Step-Growth Polymerisation FAQ
Why does step-growth need such high conversion for high molar mass?
Because in step-growth every functional group has to react to link chains, and the Carothers equation DPn = 1/(1 - p) is brutally sensitive near p = 1: p = 0.90 gives DP = 10, p = 0.99 gives DP = 100, p = 0.999 gives DP = 1000. Below ~99% conversion you only have oligomers. That is very different from chain-growth, where high molar mass appears almost immediately.
How does a stoichiometric imbalance limit the chain length?
If one monomer is in excess, chains eventually have that monomer's group on both ends and cannot grow further once the deficient monomer is exhausted. The imbalance form DPn = (1 + r)/(1 + r - 2rp) captures this: even at p → 1 the DP is capped at (1 + r)/(1 - r). A 1% excess (r = 0.99) caps DP near 199; a 2% excess near 99. So you need to weigh the monomers very accurately, and a monofunctional impurity has the same capping effect.
What is the difference between polycondensation and polyaddition?
Both are step-growth, but polycondensation expels a small molecule at each linkage (water in polyester and polyamide formation), whereas polyaddition forms the bond with no by-product.
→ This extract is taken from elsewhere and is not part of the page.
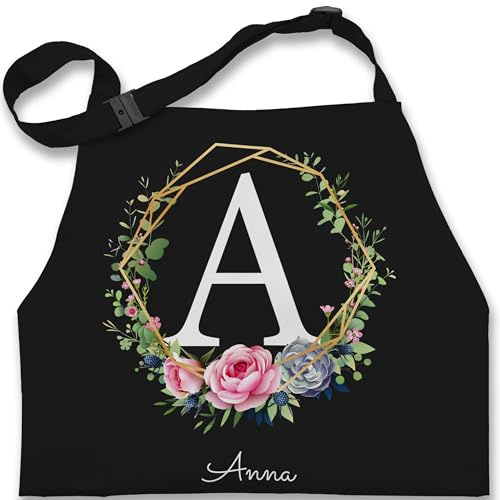 Geschenk mit Namen personalisiert by Shirtracer - Kinderschürze Schürze Kinder Jungen - Weihnachten Name Anfangsbuchstabe - Personalisierte Geschenke Frauen I Geschenkideen Mädchen mit Namen I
Polyurethane (isocyanate + alcohol) is the classic polyaddition — 100% atom economy for the linkage — while PET and the nylons are polycondensations. Naming the right category and its by-product is a common short-answer mark.
Can Sia help me with Carothers calculations and step-growth mechanisms?
Yes. Sia can walk you through DPn = 1/(1 - p) and the stoichiometric-imbalance form, tabulate DP and Đ against conversion, and check your esterification or amidation mechanism arrows. It explains the method and checks your reasoning step by step; it does not do graded assessment for you, and University of Sydney academic-integrity rules apply.
Exam move
Make the Carothers equation reflexive: DPn = 1/(1 - p) for the balanced case, Đ = 1 + p for the dispersity, and DPn = (1 + r)/(1 + r - 2rp) when the monomers are off stoichiometry. Practise both levers — a table of DP against p (0.90, 0.99, 0.999) and against r — so you can instantly see why step-growth needs high conversion and near-perfect stoichiometry. Alongside the maths, keep a compact map of the commodity step-growth polymers: monomers, whether it is polycondensation (by-product) or polyaddition (none), and one structural feature (Kevlar's H-bonding, polyurethane's CO2-blown foam). Exam questions typically bolt a Carothers calculation onto a 'name the polymer and draw the linkage' part, so rehearse the two together from the Week 8 tutorial.